ポカスカジャンの脱線マガジン。

ツアー日記

8月13日(金)名古屋〜新潟

午前10時。
昨夜お世話になった渡辺さん宅をあとに、
車は一路、新潟へと向かう。
名古屋からだと約500km以上あるだろう。
でも、天気も上々、今日は移動だけだし楽勝、楽勝。
……のはずだった。

高速に乗り2時間くらいたった頃から、
空に暗雲が見え始めた。
それでもしばらくは雨もがまんしてくれて、
長野のサービスエリアで名物の信州そばでも食おうと、
車を降りたときに、雨が僕らを襲った。
それでも今日の夕方までには新潟に入らないと、
明日のイベント「テクノキャバレー」のリハーサルが
できないので、車は先を急いだ。
雨足は弱まることなく、それどころか強まる一方。
どうやら僕たちは、雨を追いかけて走っている様だ。

「スゲー雨だな……」
「VTRにおさめとこうぜ」
「こんなの通り雨だよ」

などと余裕ぶっこいていた時、
ドライバーシート側のワイパーがぶっ飛んだ。

「あ〜〜〜〜〜!!!!」

ドライバーの福原(ワハハ本舗スタッフ)が絶叫とともに
助手席の俺(省吾)の方に左の肩を押し付けてきた。

「見えない! 前が見えない!」

と福原が続けて叫んでいる。

「寄せろ! 寄せろ! 寄せろ! 寄せろ!」

俺は車を路肩に寄せるように指示したが、
前が見えないためにうまく寄せることができない。



やっとのことで車を路肩に止めると、スタッフの新井氏が
車を飛び出し、ワイパーの状況を見に行った。

ずぶぬれで戻ってきた新井氏の報告によると、
動力側の凸側のねじ山は大丈夫なのだが、
凹側のねじ山がすり切れているらしい。
高速で走っているために風の抵抗が加わって、
ワイパーが関節技をかけられたような形に
なったということだ。

おそるおそる車は次のサービスエリアまで走った。
サービスエリアのガソリンスタンドに入り、
あらためて状況を確認し、どうしたものかと
考えていたとき、新井氏が名案を思いついた。

「助手席側のワイパーを、運転席側に付け替えよう」

皆もそのアイデアに拍手をし、感嘆の声を上げた。
その時大久保はガソリンスタンドのネーチャンを
ナンパしていた。

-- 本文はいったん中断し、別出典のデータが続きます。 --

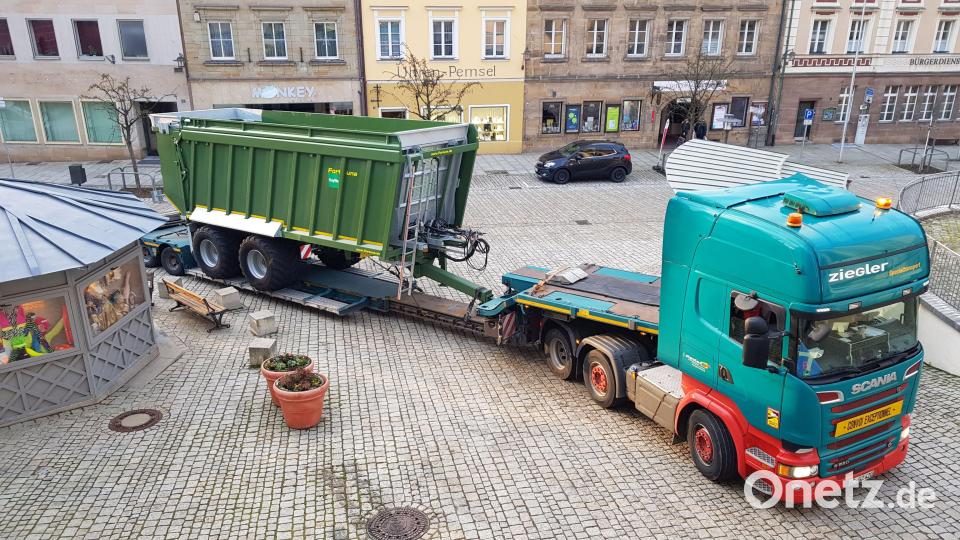 Schwarze Reifenspuren und zusammengeschobene Blumentröge: Der Fahrer dieses Spezialtransporters rangierte rund 20 Minuten, um mit seinem Gespann wieder aus der engen Sulzbacher Innenstadt herauszukommen. Bild: Tobias Gräf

…………バカリーダーがっ!

応急処置を終え、車はまた新潟へと走り出した。
皆も安心したのだろうか、後部シートの3人も
ウトウトし始めた。
そして、ドライバーの福原も……ウトウトし始めた。

「ヤバイ」

そう感じた僕は、別にどうでもいいことを話しかけたり、
フリスクやガムなどを口まで運んでやるというような
アシストをかいがいしくやっているとき、
玉井はイビキをかいていた…………バカ津軽がっ!

なんとか2時間遅れで新潟に到着した。

今日は、特別にホテルに泊まれる日だ。
皆もチェックインを済ませると、言葉少なに
それぞれの部屋へと消えた。

疲れた。
その一言だけだ。
でも今日は一人で眠れる。
フロに入ったらビールでも飲んで寝よう。
おやすみなさい。
と思ったら、玉井が麻雀の誘いに来たので、
ちょっと打って勝ってこようと思う。
遅くなりそうなので、今日はここまで。